§ What you are asked to do
From the data below, return the exact lines starting at the line containing "2018 Ford Escape SE - miniatura 25" and ending at the line containing "12754 Schicks Rd, Boise, ID", both included, and nothing else.
--- Extracted information Enclosed Below ---
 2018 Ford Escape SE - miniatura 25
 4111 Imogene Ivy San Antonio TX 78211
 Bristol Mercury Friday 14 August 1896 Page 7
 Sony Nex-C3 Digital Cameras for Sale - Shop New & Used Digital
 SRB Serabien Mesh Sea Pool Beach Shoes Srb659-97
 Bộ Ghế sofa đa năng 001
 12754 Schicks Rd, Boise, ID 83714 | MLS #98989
--- End of Enclosed Extracted information ---
--- Extracted information Enclosed Below ---
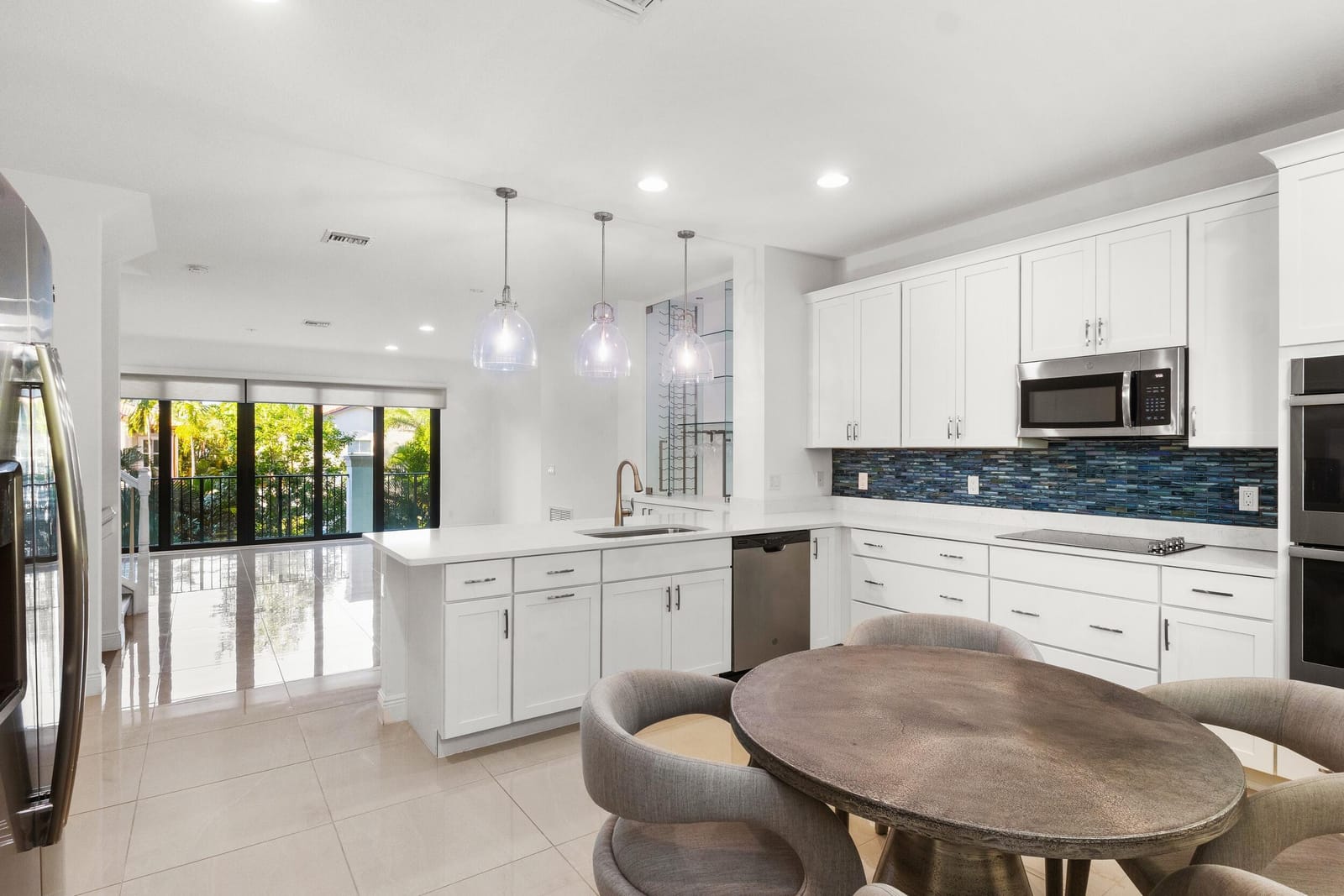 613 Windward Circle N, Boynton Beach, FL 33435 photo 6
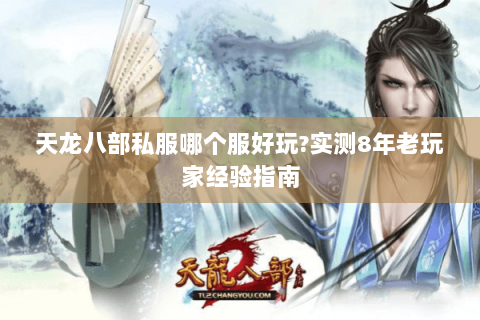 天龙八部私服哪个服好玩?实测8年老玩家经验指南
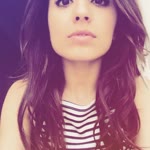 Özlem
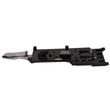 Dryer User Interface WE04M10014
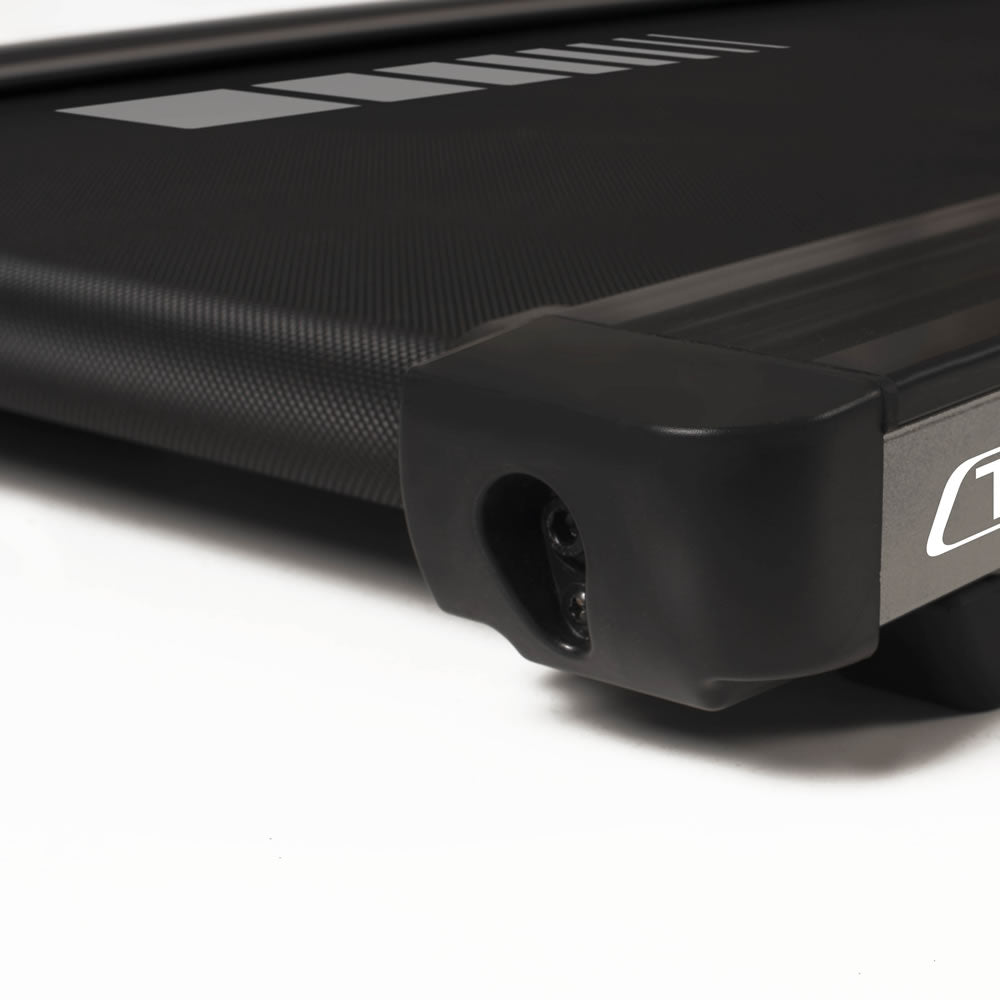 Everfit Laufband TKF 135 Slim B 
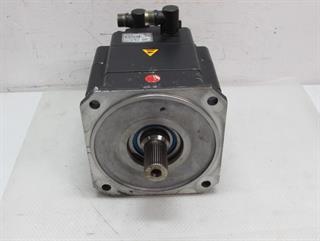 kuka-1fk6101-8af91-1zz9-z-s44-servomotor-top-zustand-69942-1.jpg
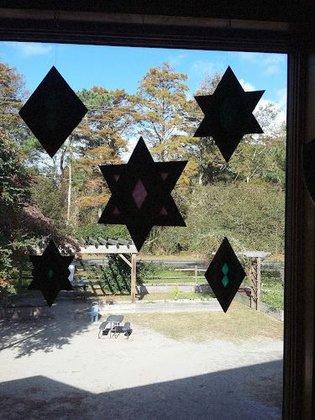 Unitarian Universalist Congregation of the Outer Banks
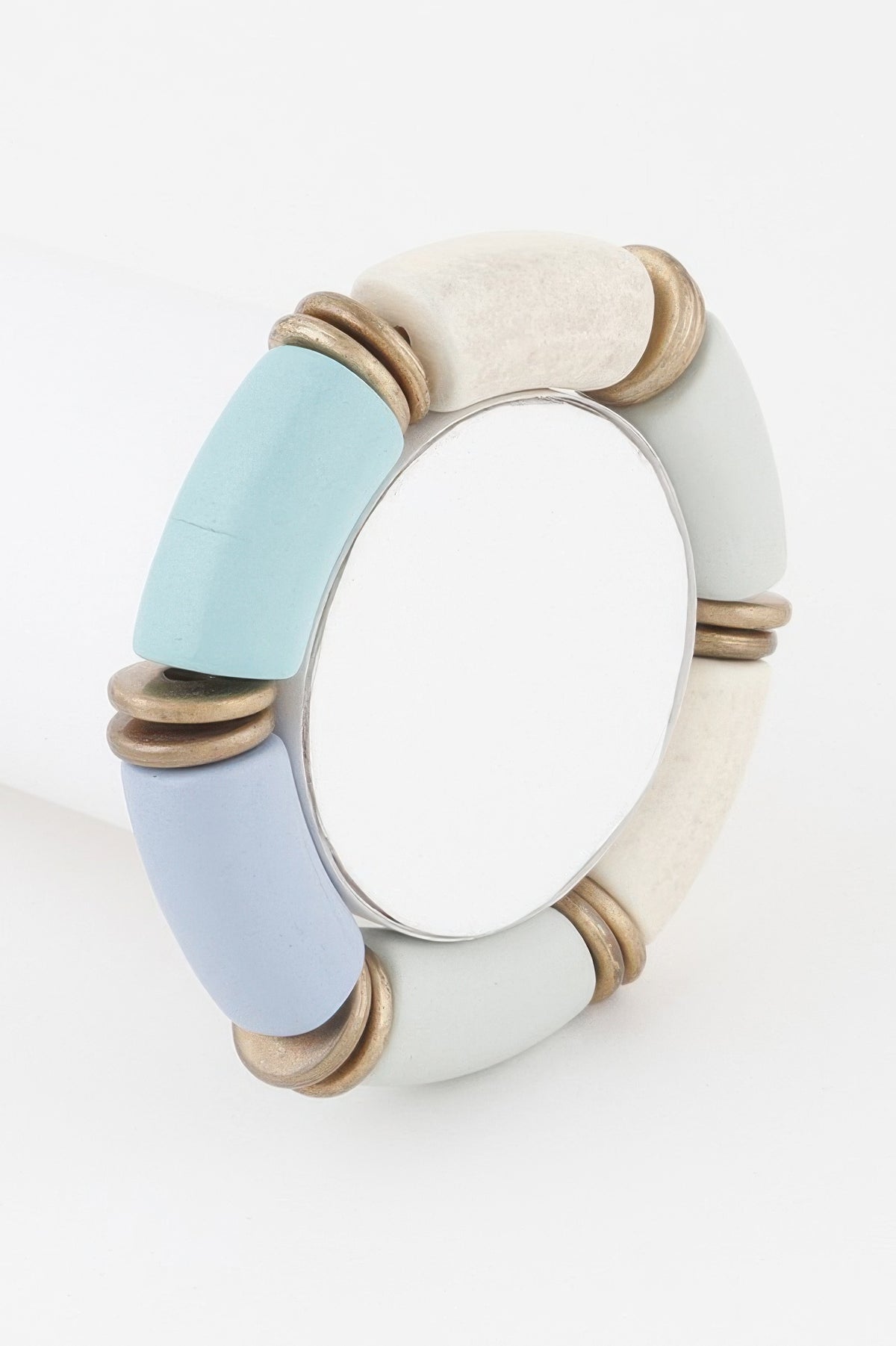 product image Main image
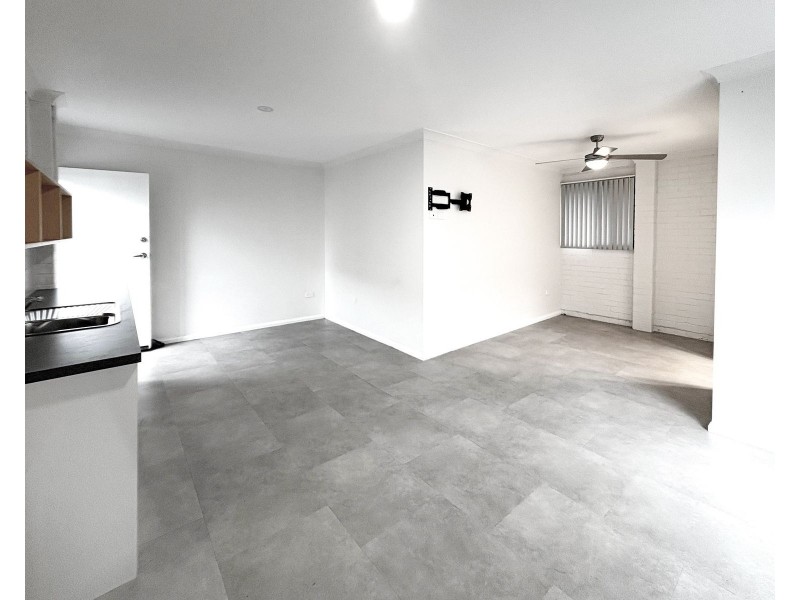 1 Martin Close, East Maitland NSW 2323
--- End of Enclosed Extracted information ---
§ Exercise answer
 2018 Ford Escape SE - miniatura 25
 4111 Imogene Ivy San Antonio TX 78211
 Bristol Mercury Friday 14 August 1896 Page 7
 Sony Nex-C3 Digital Cameras for Sale - Shop New & Used Digital
 SRB Serabien Mesh Sea Pool Beach Shoes Srb659-97
 Bộ Ghế sofa đa năng 001
 12754 Schicks Rd, Boise, ID 83714 | MLS #98989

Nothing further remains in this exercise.